[Task prompt]: Repeat each entry word for word; the images are not part of the copy.

[Image-text web data]
Content starts
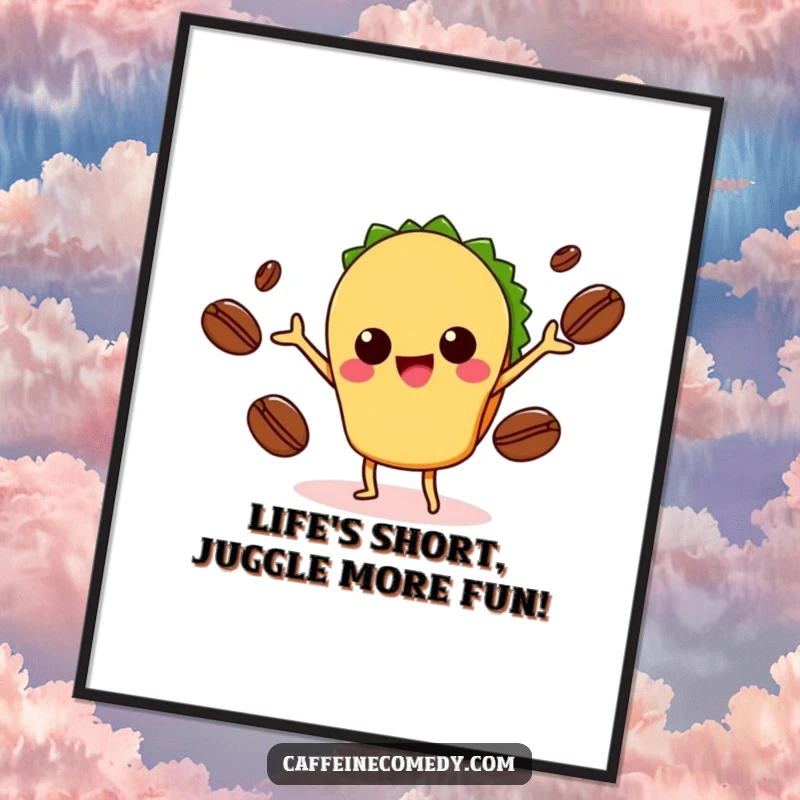 Funny Free Printable Wall Art: Amusing kawaii taco juggles three coffee beans with impressive dexterity and charm.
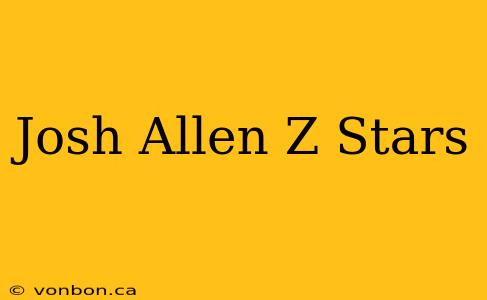 Josh Allen Z Stars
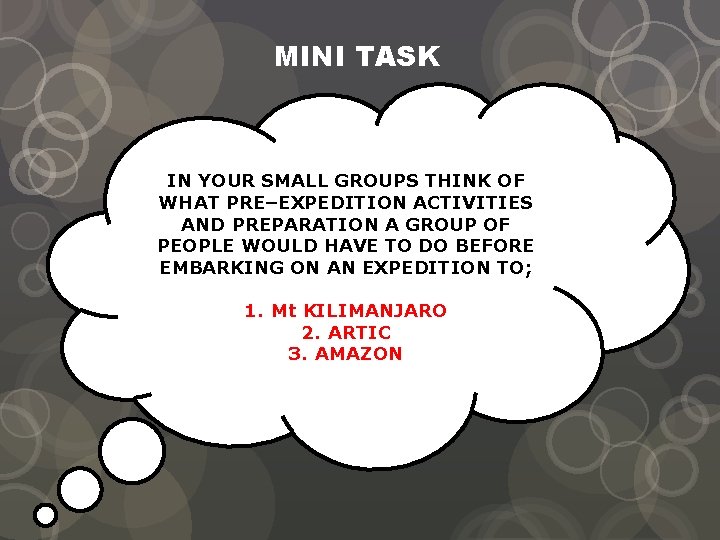MINI TASK IN YOUR SMALL GROUPS THINK OF WHAT PRE–EXPEDITION ACTIVITIES AND PREPARATION A MINI TASK IN YOUR SMALL GROUPS THINK OF WHAT PRE–EXPEDITION ACTIVITIES AND PREPARATION A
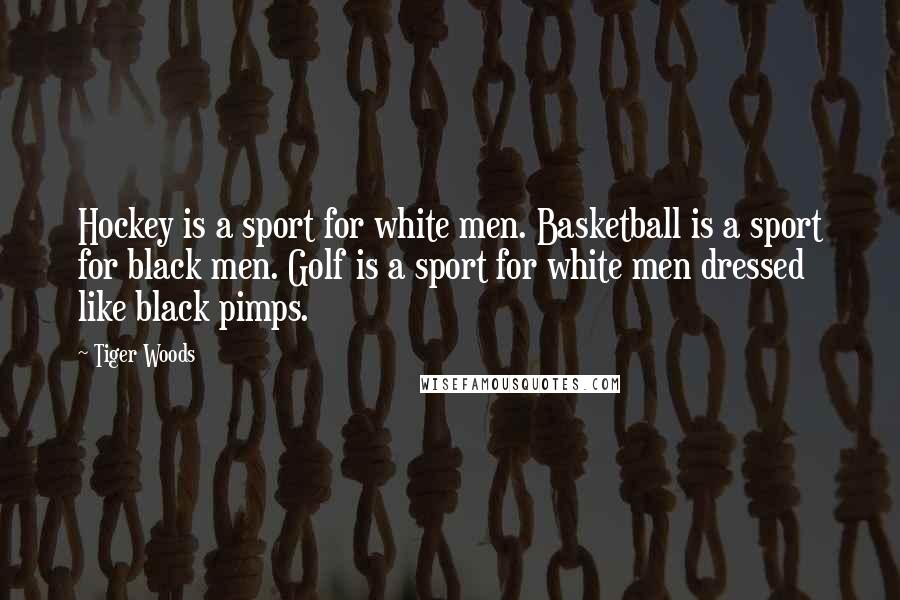 Tiger Woods Quotes: Hockey is a sport for white men. Basketball is a sport for black men. Golf is a sport for white men dressed like black pimps.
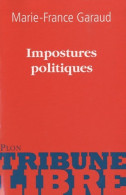Impostures Politiques (2010) De Marie-France Garaud - Politiek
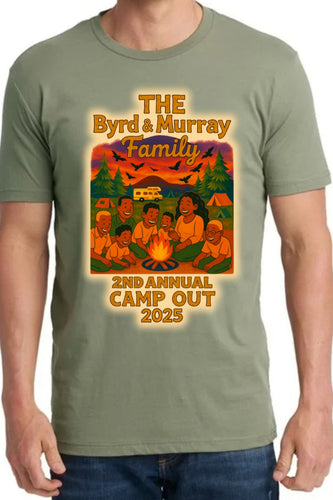 Byrd & Murray Family Camp Out Shirts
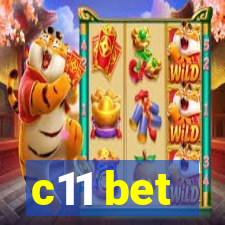 c11 bet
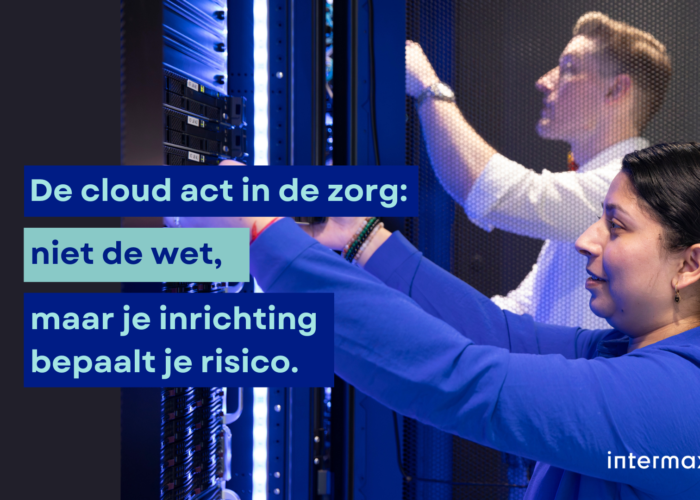 De CLOUD Act in de zorg: niet de wet, maar je inrichting bepaalt je risico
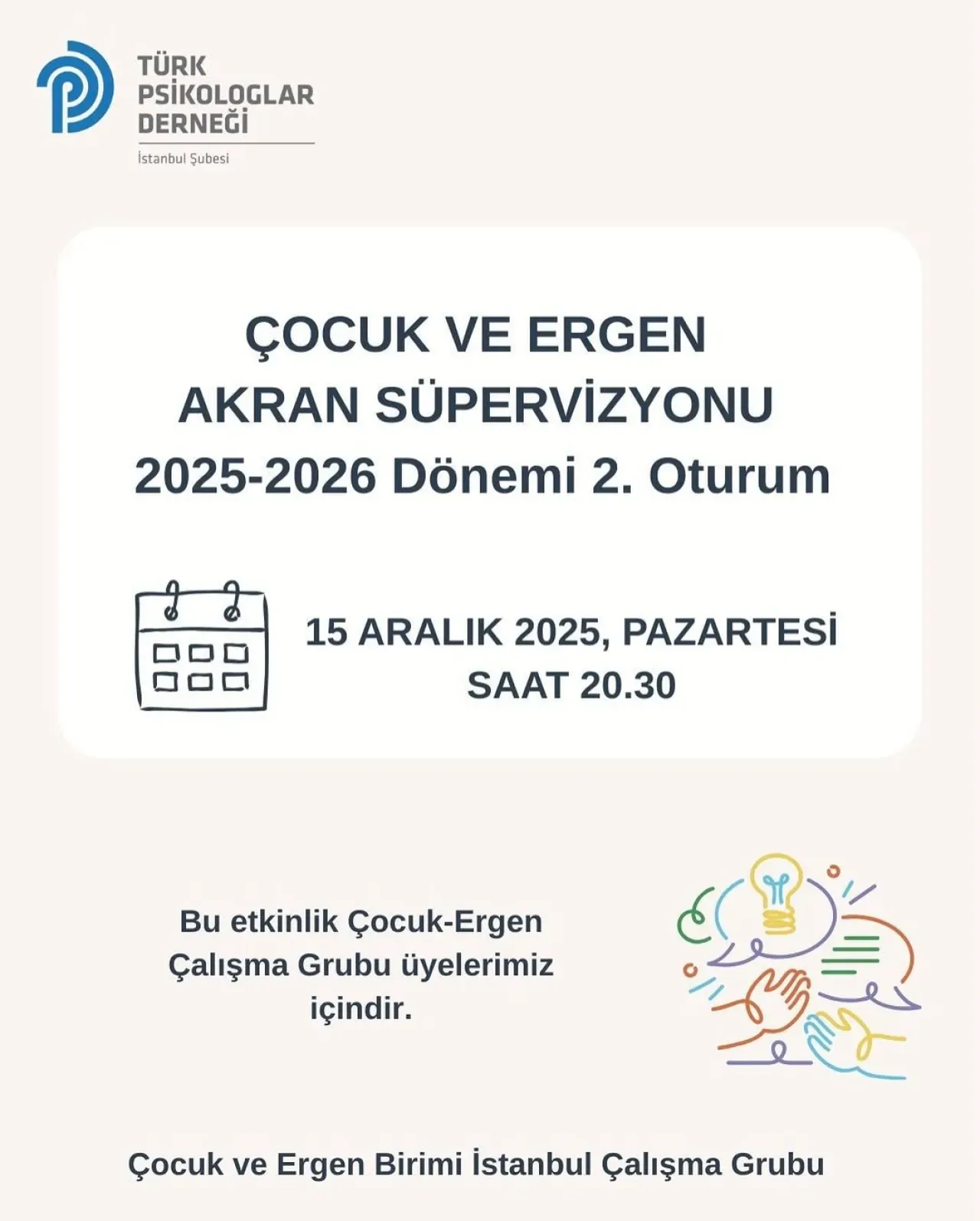 TPD İstanbul Çocuk ve Ergen Birimi Akran Süpervizyonu Başvuruları Başladı TPD İstanbul Çocuk ve Ergen Birimi Akran Süpervizyonu Başvuruları Başladı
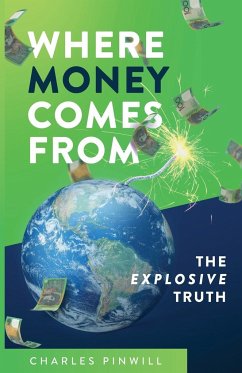 Where Money Comes From - Pinwill, Charles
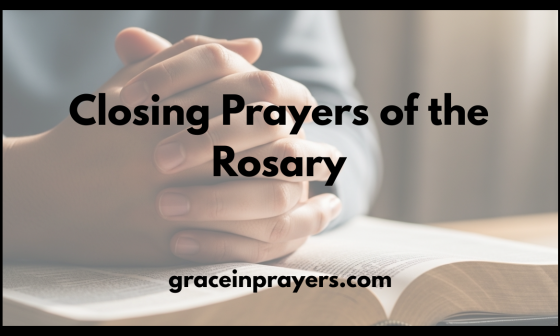 Closing Prayers of the Rosary
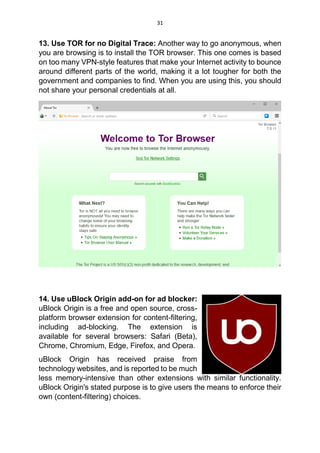 31
13. Use TOR for no Digital Trace: Another way to go anonymous, when
you are browsing is to install the TOR browser. This one comes is based
on too many VPN-style features that make your Internet activity to bounce
around different parts of the world, making it a lot tougher for both the
government and companies to find. When you are using this, you should
not share your personal credentials at all.
14. Use uBlock Origin add-on for ad blocker:
uBlock Origin is a free and open source, cross-
platform browser extension for content-filtering,
including ad-blocking. The extension is
available for several browsers: Safari (Beta),
Chrome, Chromium, Edge, Firefox, and Opera.
uBlock Origin has received praise from
technology websites, and is reported to be much
less memory-intensive than other extensions with similar functionality.
uBlock Origin's stated purpose is to give users the means to enforce their
own (content-filtering) choices.
 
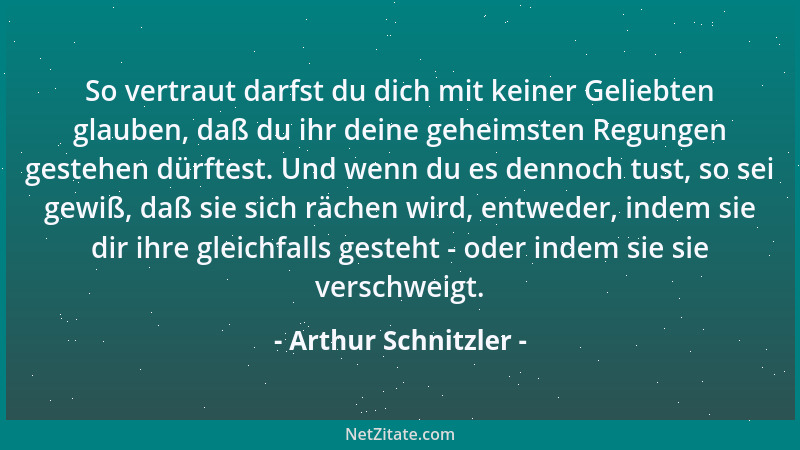 Arthur Schnitzler - So vertraut darfst du dich mit keiner Geliebten glauben, daß du ihr deine geheimsten Regungen gestehen...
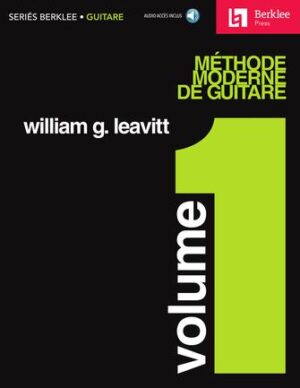 Modern Method for Guitar, Vol 1. – French Edition, Book with Online Audio Modern Method for Guitar, Vol 1. – French Edition, Book with Online Audio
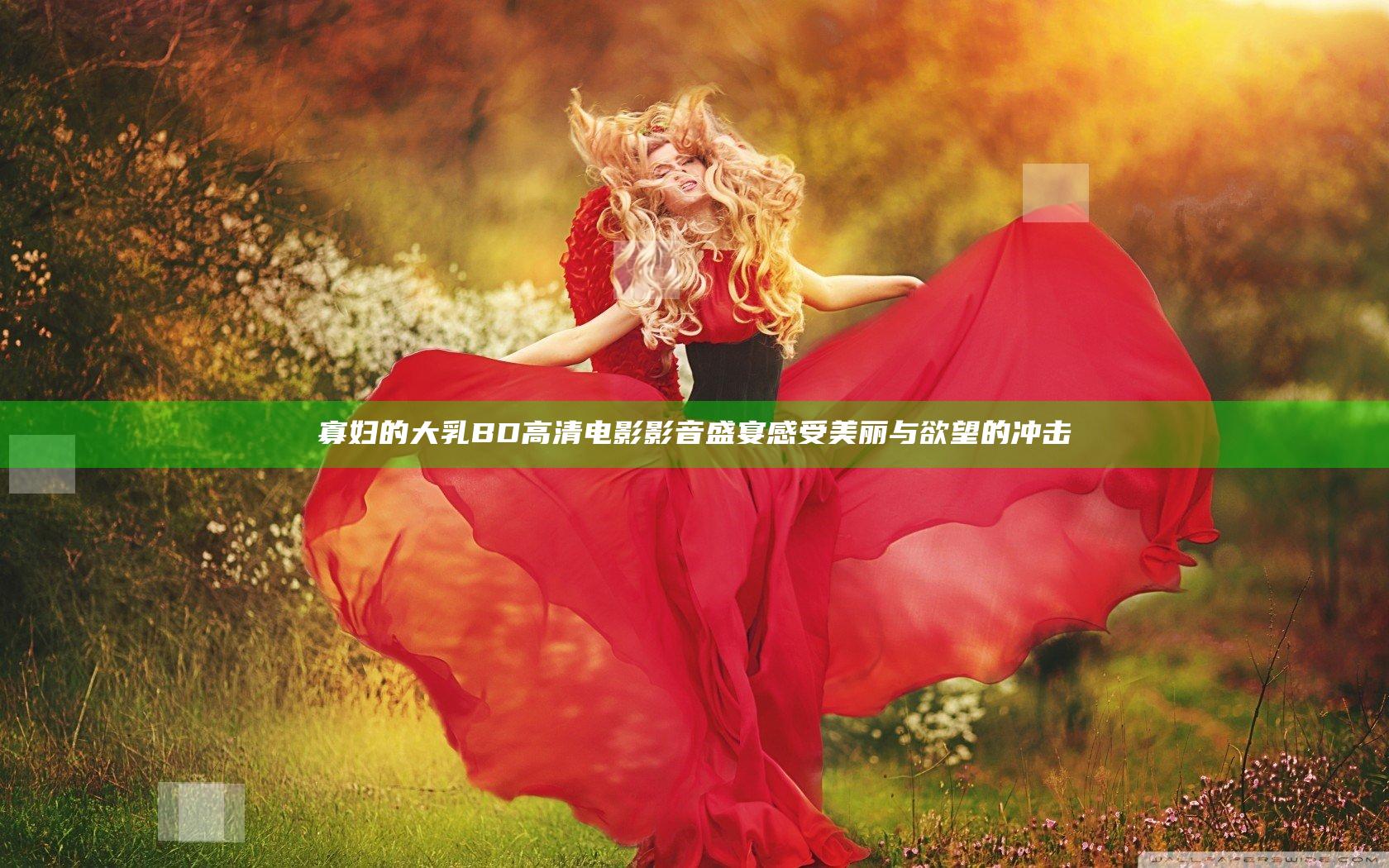 寡妇的大乳BD高清电影影音盛宴 感受美丽与欲望的冲击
Content ends
[Result for this exercise]:
 Funny Free Printable Wall Art: Amusing kawaii taco juggles three coffee beans with impressive dexterity and charm.
 Josh Allen Z Stars
MINI TASK IN YOUR SMALL GROUPS THINK OF WHAT PRE–EXPEDITION ACTIVITIES AND PREPARATION A MINI TASK IN YOUR SMALL GROUPS THINK OF WHAT PRE–EXPEDITION ACTIVITIES AND PREPARATION A
 Tiger Woods Quotes: Hockey is a sport for white men. Basketball is a sport for black men. Golf is a sport for white men dressed like black pimps.
Impostures Politiques (2010) De Marie-France Garaud - Politiek
 Byrd & Murray Family Camp Out Shirts
 c11 bet
 De CLOUD Act in de zorg: niet de wet, maar je inrichting bepaalt je risico
 TPD İstanbul Çocuk ve Ergen Birimi Akran Süpervizyonu Başvuruları Başladı TPD İstanbul Çocuk ve Ergen Birimi Akran Süpervizyonu Başvuruları Başladı
 Where Money Comes From - Pinwill, Charles
 Closing Prayers of the Rosary
 31
13. Use TOR for no Digital Trace: Another way to go anonymous, when
you are browsing is to install the TOR browser. This one comes is based
on too many VPN-style features that make your Internet activity to bounce
around different parts of the world, making it a lot tougher for both the
government and companies to find. When you are using this, you should
not share your personal credentials at all.
14. Use uBlock Origin add-on for ad blocker:
uBlock Origin is a free and open source, cross-
platform browser extension for content-filtering,
including ad-blocking. The extension is
available for several browsers: Safari (Beta),
Chrome, Chromium, Edge, Firefox, and Opera.
uBlock Origin has received praise from
technology websites, and is reported to be much
less memory-intensive than other extensions with similar functionality.
uBlock Origin's stated purpose is to give users the means to enforce their
own (content-filtering) choices.
 
 Arthur Schnitzler - So vertraut darfst du dich mit keiner Geliebten glauben, daß du ihr deine geheimsten Regungen gestehen...
 Modern Method for Guitar, Vol 1. – French Edition, Book with Online Audio Modern Method for Guitar, Vol 1. – French Edition, Book with Online Audio
 寡妇的大乳BD高清电影影音盛宴 感受美丽与欲望的冲击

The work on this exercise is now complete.